本書ではそのようなミサイルという兵器について、そもそもどういった種類のものがあるのか。

そしてそれの飛ぶ仕組みはどうなっているのか。(それには”飛ぶ仕組み”、”発射する装置”、”誘導する装置と弾頭”があります)

さらに実際に想定される、ミサイルを使った交戦の様子。
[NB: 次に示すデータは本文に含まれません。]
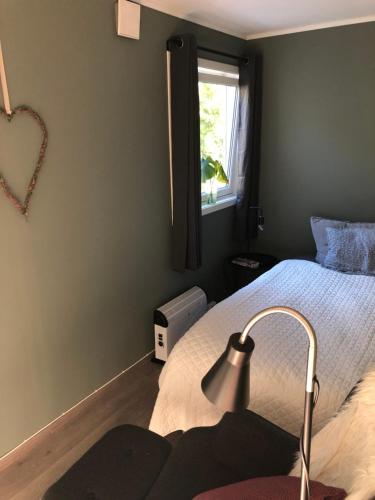 Giường trong phòng chung tại Flott leilighet med topp utsikt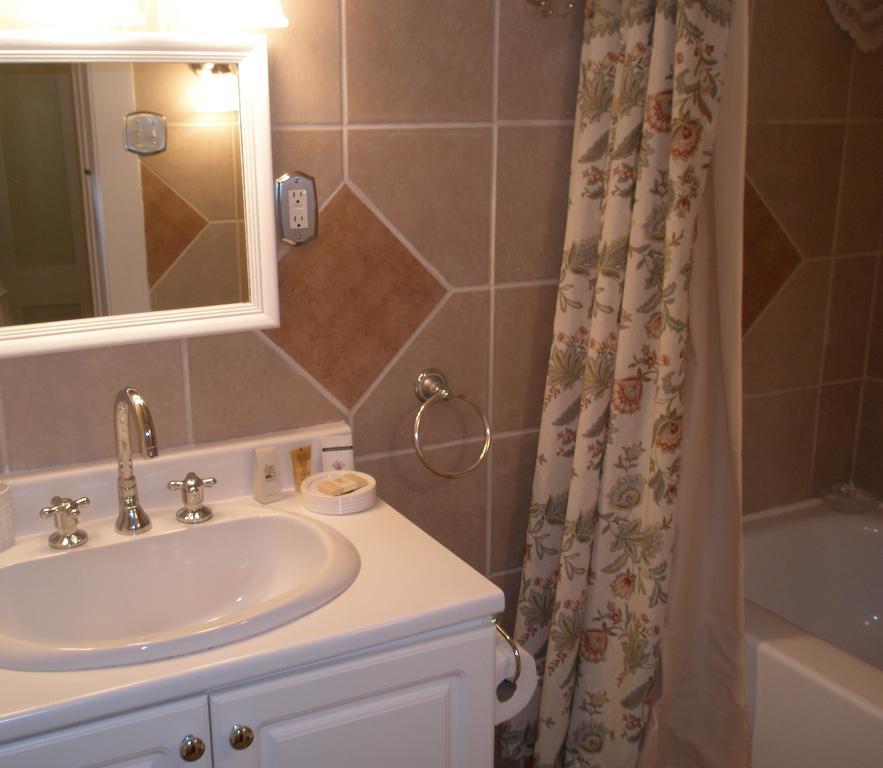 O Bois Dormant B&B Magog Ruang foto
(これには空対空、艦対空、地対空等々、いろいろな場合があります)

最後には各国のミサイルの名前の付け方まで、ミサイル関係のあらゆる知識が詰め込まれているようです。

 

内容は多岐にわたっていますので、詳しくは触れることができませんが、面白い部分だけを紹介します。

 

弾道ミサイル」について

北朝鮮が何度も発射実験をしていたので有名になりましたが、「弾道ミサイル」とは最初にエンジンの推進力で発射された以降は慣性によって飛んでいくというものです。

ICBMなどの核爆弾を搭載した大型ミサイルもこれに含まれます。

特に大型の場合は宇宙空間まで打ち上げてから落下させる軌道を取ります。

近距離の場合でもこのような高高度まで打ち上げるロフテッド軌道を取らせる場合があり、これは落下速度を非常に速くできることで防衛ミサイルの迎撃を難しくさせる意味があります。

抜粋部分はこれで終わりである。